New report calls for effort to reduce negative attitudes toward people with disorders

The U.S. Department of Health and Human Services (HHS) should lead efforts among federal partners and stakeholders to design, implement, and evaluate a multipronged, evidence-based national strategy to reduce stigma toward people with mental and substance use disorders, says a new report from the National Academies of Sciences, Engineering, and Medicine. Many private and public organizations in the U.S. -- including eight federal agencies -- are already engaged in anti-stigma and mental health promotion efforts, but these efforts are largely uncoordinated and poorly evaluated.

The committee that conducted the study and wrote the report looked at the results of U.S. campaigns related to HIV/AIDS and at anti-stigma campaigns in England (Time to Change), Canada (Opening Minds), and Australia (beyondblue). It found that all successful national anti-stigma programs were supported by government at the federal level and took place over decades, relied on long-term funding, were evaluated and monitored on an ongoing basis, and had a multifaceted strategy to address the full range of relevant needs.

"Mental health and substance use disorders are prevalent and among the most highly stigmatized health conditions in the United States, and they remain barriers to full participation in society in areas as basic as education, housing, and employment," said committee chair David Wegman, professor emeritus in the department of work environment at the University of Massachusetts in Lowell. "Changing stigma in a lasting way will require coordinated efforts, which are based on the best possible evidence, supported at the national level with multiyear funding, and planned and implemented by an effective coalition of representative stakeholders."

Estimates indicate that as many as 1 in 4 Americans will experience a mental health problem or will misuse alcohol or drugs at some point. In a 2014 national survey, 14 percent of adults in the U.S. said they had experienced a mental health problem within the past year, and 4 percent said that they had experienced a serious mental illness -- one that met standard diagnostic criteria in the Diagnostic and Statistical Manual of Mental Disorders. In another U.S. survey, 24 million people aged 12 and older (9.4 percent of the population) said they had used illicit drugs in the past month, and 17 million people reported alcohol dependence or misuse.

Norms and beliefs about people with behavioral health and substance use disorders are created and reinforced at multiple levels, including day-to-day contact with affected individuals, employers and other organizational policies and practices, community norms, the media, and governmental law and policy.

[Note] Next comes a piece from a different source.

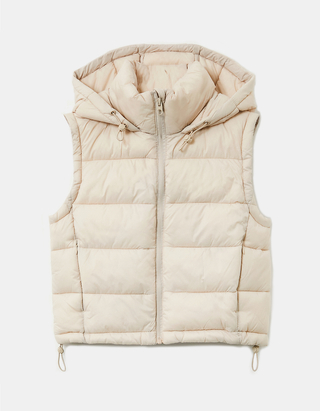 beige sleeveless puffer jacket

HHS should collaborate with all stakeholders, particularly the criminal justice system and government and state agencies, to identify and eliminate policies, practices, and procedures that directly or indirectly discriminate against people with mental and substance use disorders.

For the national strategy led by HHS, the relevant stakeholders include people in treatment for mental and substance use disorders and their families, insurance companies, employers, health care providers and administrators, law enforcement officials, and professional health education institutions. A multipronged approach should include educational programs, traditional and social media campaigns, legal and policy interventions, and contact based-programs -- those efforts that facilitate social contact between people with and without behavioral disorders and that have the strongest evidence base for reducing stigma.

The report also includes recommendations for future research by the Substance Abuse and Mental Health Services Administration (SAMHSA) on the characteristics of effective peer service training programs, the relationship between attitudes and actual behavior toward people with mental and substance use disorders, and formative research on effective communication to assist in developing interventions and tailoring them for target audiences.

The committee noted that "stigma" is used in peer-reviewed literature and by the general public to refer to a range of negative attitudes, beliefs, and behaviors about mental and substance use disorders. SAMHSA is moving away from the use of this term.